Archive for May, 2018
Can you be too fair with people? In other words, is there a situation in which the practice of justice can be too much? I do not think so because all of the moral virtues are good and so the practice of the virtues also is good. What you might have in mind is what we call false-forgiveness. In such a case, people, for example, are continually trying to put on a show of their own high virtue and so they are insincere. Also, if someone distorts forgiving by isolating it so that no justice occurs along with forgiveness, then an unhealthy and hasty reconciliation might occur. So, if the forgiving is genuine and is balanced with justice, then there is no such thing as too much forgiving.
I am feeling somewhat “wishy-washy” about forgiving a friend for something she did to me.
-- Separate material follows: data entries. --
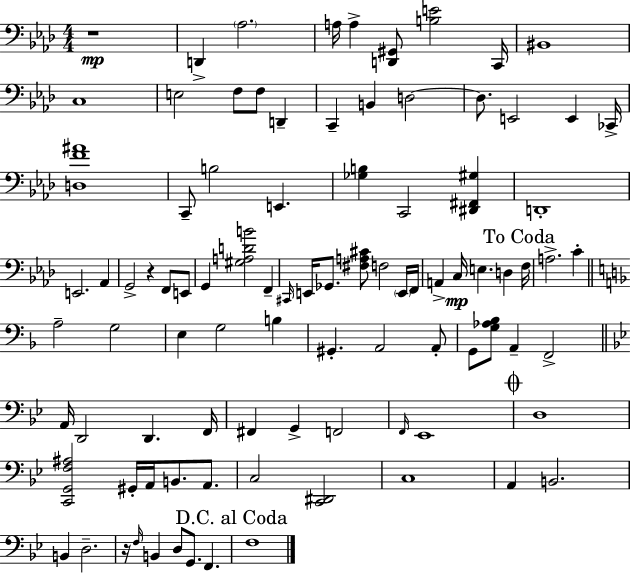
R/w D2/q Ab3/h. A3/s A3/q [D2,G#2]/e [B3,E4]/h C2/s BIS2/w C3/w E3/h F3/e F3/e D2/q C2/q B2/q D3/h D3/e. E2/h E2/q CES2/s [D3,F4,A#4]/w C2/e B3/h E2/q. [Gb3,B3]/q C2/h [D#2,F#2,G#3]/q D2/w E2/h. Ab2/q G2/h R/q F2/e E2/e G2/q [G#3,A3,D4,B4]/h F2/q C#2/s E2/s Gb2/e. [F#3,A3,C#4]/e F3/h E2/s F2/s A2/q C3/s E3/q. D3/q F3/s A3/h. C4/q A3/h G3/h E3/q G3/h B3/q G#2/q. A2/h A2/e G2/e [G3,Ab3,Bb3]/e A2/q F2/h A2/s D2/h D2/q. F2/s F#2/q G2/q F2/h F2/s Eb2/w D3/w [C2,G2,F3,A#3]/h G#2/s A2/s B2/e. A2/e. C3/h [C2,D#2]/h C3/w A2/q B2/h. B2/q D3/h. R/s F3/s B2/q D3/e G2/e. F2/q. F3/w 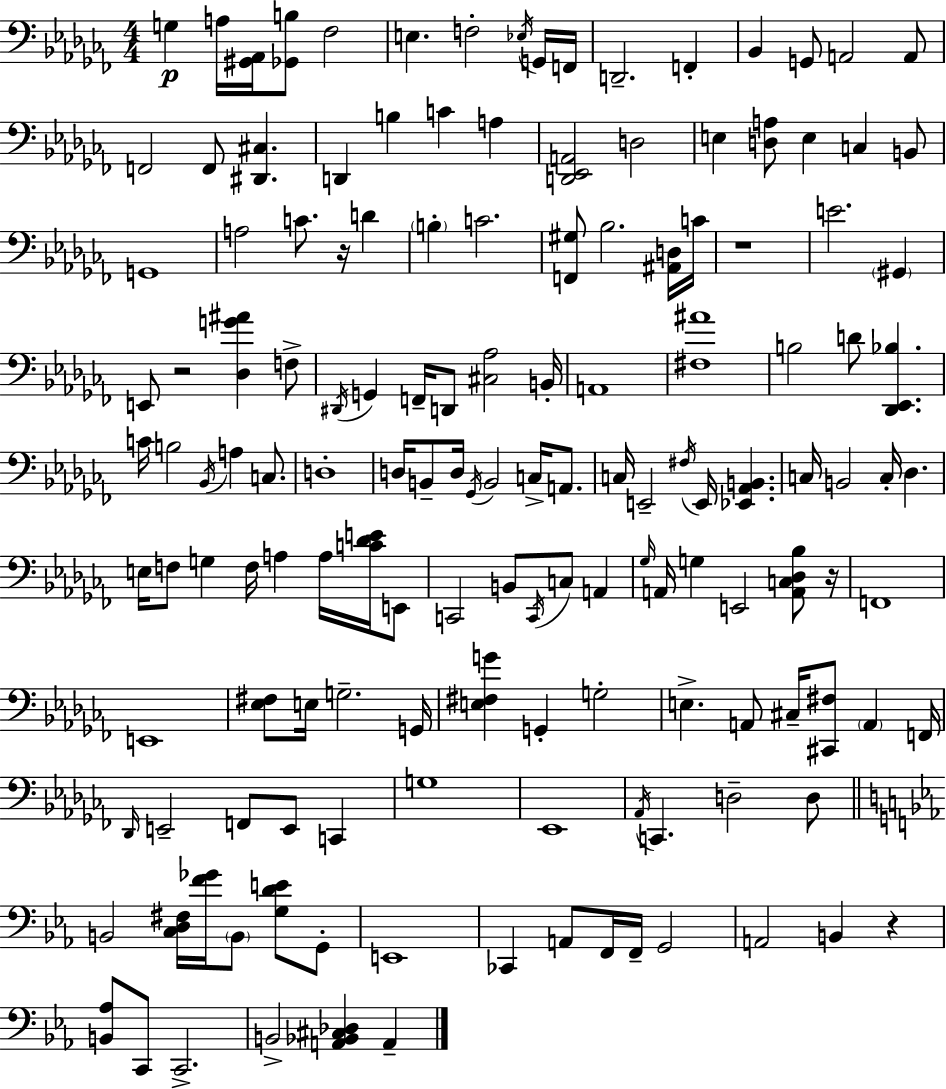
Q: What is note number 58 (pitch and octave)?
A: A2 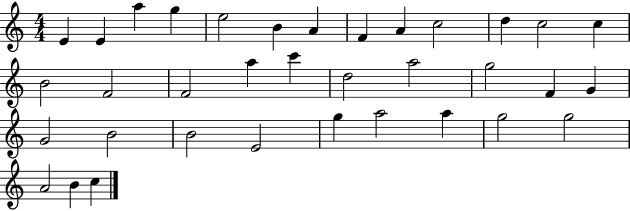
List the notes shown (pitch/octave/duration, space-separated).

E4/q E4/q A5/q G5/q E5/h B4/q A4/q F4/q A4/q C5/h D5/q C5/h C5/q B4/h F4/h F4/h A5/q C6/q D5/h A5/h G5/h F4/q G4/q G4/h B4/h B4/h E4/h G5/q A5/h A5/q G5/h G5/h A4/h B4/q C5/q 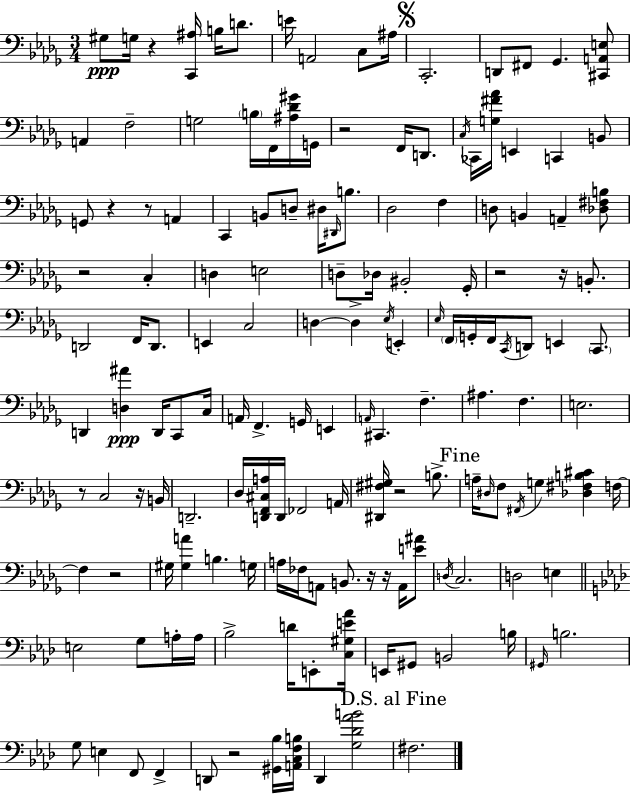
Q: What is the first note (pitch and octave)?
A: G#3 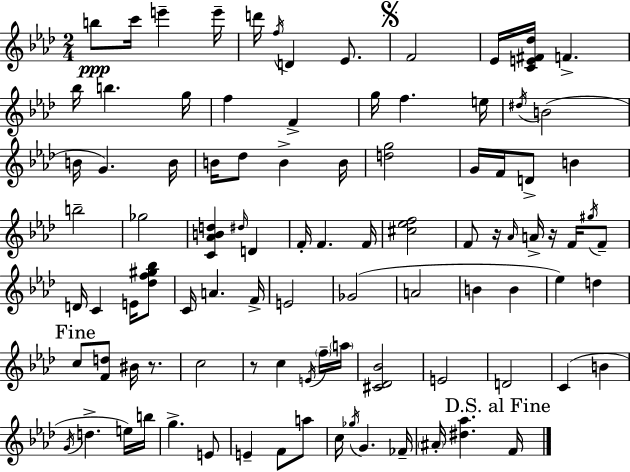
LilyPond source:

{
  \clef treble
  \numericTimeSignature
  \time 2/4
  \key f \minor
  \repeat volta 2 { b''8\ppp c'''16 e'''4-- e'''16-- | d'''16 \acciaccatura { f''16 } d'4 ees'8. | \mark \markup { \musicglyph "scripts.segno" } f'2 | ees'16 <c' e' fis' des''>16 f'4.-> | \break bes''16 b''4. | g''16 f''4 f'4-> | g''16 f''4. | e''16 \acciaccatura { dis''16 } b'2( | \break b'16 g'4.) | b'16 b'16 des''8 b'4-> | b'16 <d'' g''>2 | g'16 f'16 d'8-> b'4 | \break b''2-- | ges''2 | <c' aes' b' d''>4 \grace { dis''16 } d'4 | f'16-. f'4. | \break f'16 <cis'' ees'' f''>2 | f'8 r16 \grace { aes'16 } a'16-> | r16 f'16 \acciaccatura { gis''16 } f'8-- d'16 c'4 | e'16 <des'' f'' gis'' bes''>8 c'16 a'4. | \break f'16-> e'2 | ges'2( | a'2 | b'4 | \break b'4 ees''4) | d''4 \mark "Fine" c''8 <f' d''>8 | bis'16 r8. c''2 | r8 c''4 | \break \acciaccatura { e'16 } \parenthesize f''16-- \parenthesize a''16 <cis' des' bes'>2 | e'2 | d'2 | c'4( | \break b'4 \acciaccatura { g'16 } d''4.-> | e''16) b''16 g''4.-> | e'8 e'4-- | f'8 a''8 c''16 | \break \acciaccatura { ges''16 } g'4. fes'16-- | \parenthesize ais'16-. <dis'' aes''>4. \mark "D.S. al Fine" f'16 | } \bar "|."
} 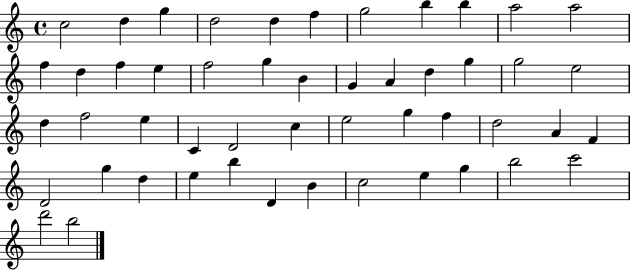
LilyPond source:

{
  \clef treble
  \time 4/4
  \defaultTimeSignature
  \key c \major
  c''2 d''4 g''4 | d''2 d''4 f''4 | g''2 b''4 b''4 | a''2 a''2 | \break f''4 d''4 f''4 e''4 | f''2 g''4 b'4 | g'4 a'4 d''4 g''4 | g''2 e''2 | \break d''4 f''2 e''4 | c'4 d'2 c''4 | e''2 g''4 f''4 | d''2 a'4 f'4 | \break d'2 g''4 d''4 | e''4 b''4 d'4 b'4 | c''2 e''4 g''4 | b''2 c'''2 | \break d'''2 b''2 | \bar "|."
} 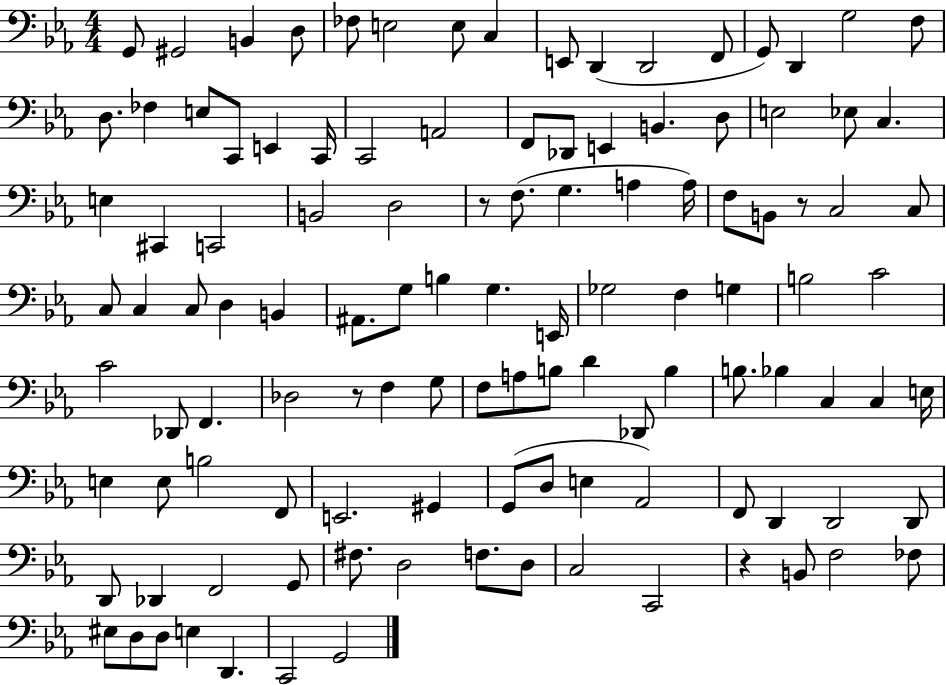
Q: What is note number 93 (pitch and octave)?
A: Db2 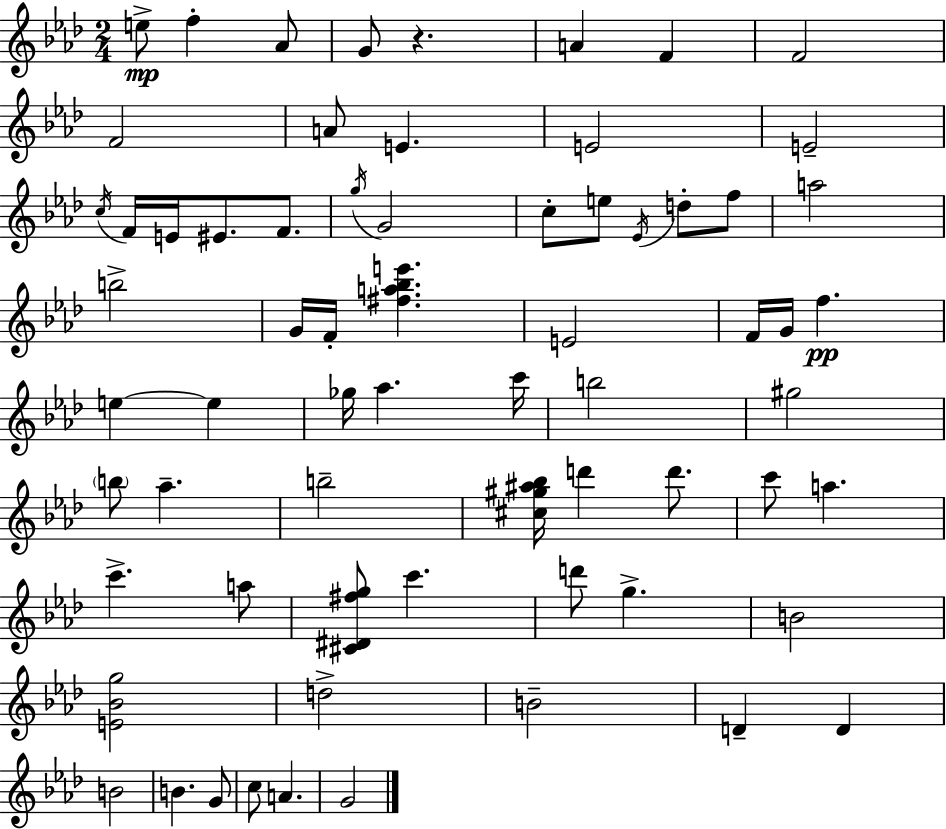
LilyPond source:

{
  \clef treble
  \numericTimeSignature
  \time 2/4
  \key f \minor
  \repeat volta 2 { e''8->\mp f''4-. aes'8 | g'8 r4. | a'4 f'4 | f'2 | \break f'2 | a'8 e'4. | e'2 | e'2-- | \break \acciaccatura { c''16 } f'16 e'16 eis'8. f'8. | \acciaccatura { g''16 } g'2 | c''8-. e''8 \acciaccatura { ees'16 } d''8-. | f''8 a''2 | \break b''2-> | g'16 f'16-. <fis'' a'' bes'' e'''>4. | e'2 | f'16 g'16 f''4.\pp | \break e''4~~ e''4 | ges''16 aes''4. | c'''16 b''2 | gis''2 | \break \parenthesize b''8 aes''4.-- | b''2-- | <cis'' gis'' ais'' bes''>16 d'''4 | d'''8. c'''8 a''4. | \break c'''4.-> | a''8 <cis' dis' fis'' g''>8 c'''4. | d'''8 g''4.-> | b'2 | \break <e' bes' g''>2 | d''2-> | b'2-- | d'4-- d'4 | \break b'2 | b'4. | g'8 c''8 a'4. | g'2 | \break } \bar "|."
} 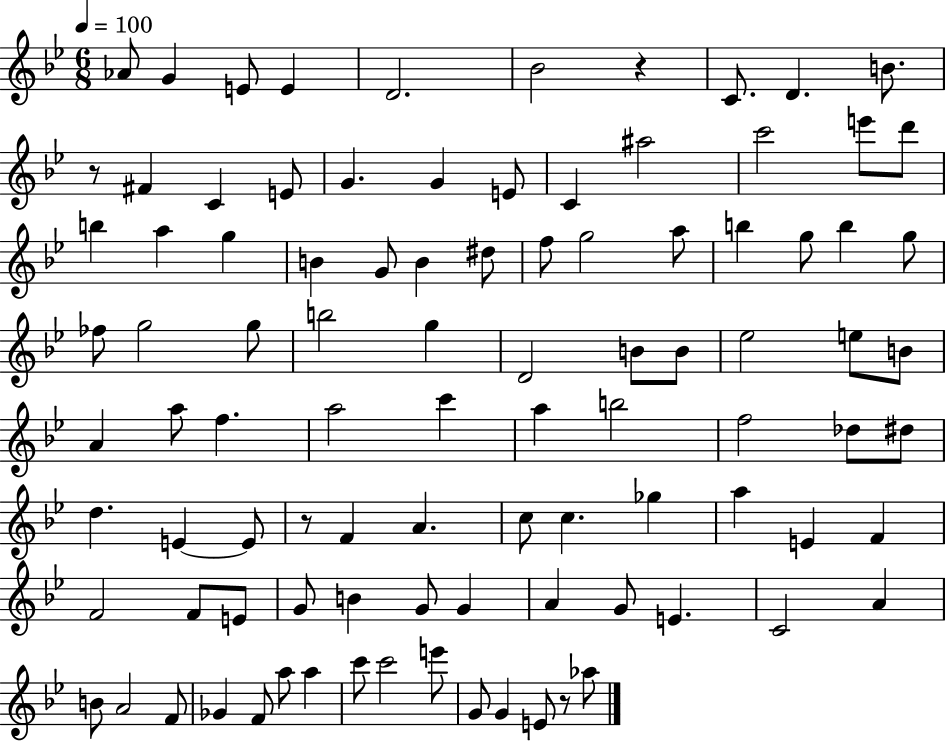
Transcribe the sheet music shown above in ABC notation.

X:1
T:Untitled
M:6/8
L:1/4
K:Bb
_A/2 G E/2 E D2 _B2 z C/2 D B/2 z/2 ^F C E/2 G G E/2 C ^a2 c'2 e'/2 d'/2 b a g B G/2 B ^d/2 f/2 g2 a/2 b g/2 b g/2 _f/2 g2 g/2 b2 g D2 B/2 B/2 _e2 e/2 B/2 A a/2 f a2 c' a b2 f2 _d/2 ^d/2 d E E/2 z/2 F A c/2 c _g a E F F2 F/2 E/2 G/2 B G/2 G A G/2 E C2 A B/2 A2 F/2 _G F/2 a/2 a c'/2 c'2 e'/2 G/2 G E/2 z/2 _a/2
My question to you is how deeply committed do I have to be in order to actually go ahead and forgive?
Your commitment to forgive, as you see, can vary from very low to very high. This can fluctuate across time, too. A key is this: Are you ready to commit, no matter how small that is, to doing no harm to the one who hurt you? Also, do you see clearly what forgiveness is and is not (it is not excusing or automatically reconciling, for example)? If you have some motivation to do no harm and understand what forgiveness is, then you are ready to move forward in the forgiveness process.
First, what is a “forgiveness landscape”? This is an expression first used in my book, The Forgiving Life, to refer to all of the people who ever have been seriously unjust to you. When people first construct their forgiveness landscape, they often are surprised at: a) how many people are on the list and b) the depth of the anger left over, even from decades ago.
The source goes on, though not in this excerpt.